Entrepreneurs in the cottage industries sought proper support from the government to help flourish in the sector, overcoming challenges created by the Covid-19 pandemic.
They were speaking on Tuesday at a national workshop titled 'From Challenges to Creativity and Innovation: Enhancing CMSME's Resilience in the Context of Covid-19' and prize-giving ceremony to the winners of Food Frontiers 2021.
National Association of Small and Cottage Industries of Bangladesh (NASCIB) and the Global Alliance for Improved Nutrition (GAIN) jointly organised the event at a city hotel.
NASCIB President Mirza Nurul Ghani Shovon chaired the programme while Jo Jacobsen, programme, policy advisor, nutrition, gender and M&E of World Food Programme, and Dr Rudaba Khondker, country director, GAIN Bangladesh were present as special guests.

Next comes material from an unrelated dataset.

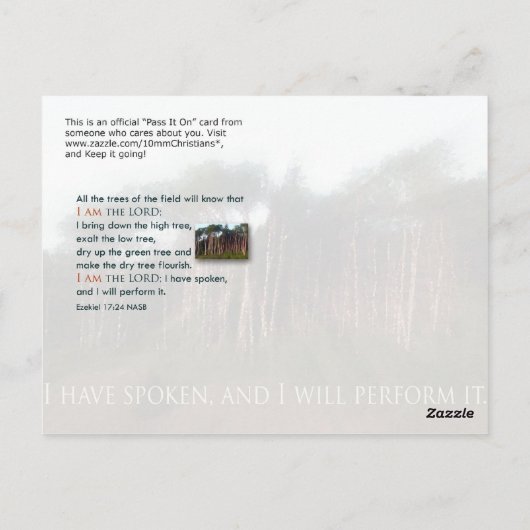 Bomen van het veld briefkaart (Achterkant)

Md Monjurul Hoque, the former chief faculty member of Small and Cottage Industries Training Institute (SCITI) of BSCIC, presented a PowerPoint on the issues.
According to the power point, about 25 per cent of the industries under the cottage, micro, small and medium enterprises (CMSME) sector were shut in the first five months of the Covid-19 pandemic.
It also showed that 60 per cent of industries incurred 75 losses in selling products, and 58 entrepreneurs lost capacity of investments because of the impact of the pandemic.
Around 34 per cent of entrepreneurs could not pay rents of their institutions, while 16 per cent failed to pay salaries of their staff. Besides, 29 per cent of institutions could provide 50 per cent of the dues of their staff.
The marketing of products was hampered as the income of the majority of people declined due to the prolonged coronavirus pandemic.
The production costs increased in many cases because of the higher prices of raw materials. For these reasons, local products fail to compete with the imported ones, it said.
Entrepreneurs also faced complexities in receiving funds from stimulus packages that were provided for Covid-19 impacted sectors. They also said small and cottage food industries faced challenges due to the restriction on movements of customers during the period.
They also identified problems like the unavailability of technologies in the food sector. They suggested providing one-stop services and simplifying the process of registration and rationalising tax and tariff systems.
However, three business institutions have been awarded in different categories in the programme.
Ghost Kitchen Bangladesh won first prize of US$ 9,000 for improving the production efficiency of restaurants and commercial kitchens.
The first-ever nutrition-dense raw cashew nut processing solution to ensure nutrition for local and global markets, Green Grain won the second prize of US$ 6,700.
With the technological solution to understand the soil and market scientifically to ensure fair price for the farmers, iPAGE won the third prize of US$ 4,300 under the infrastructural grant support category.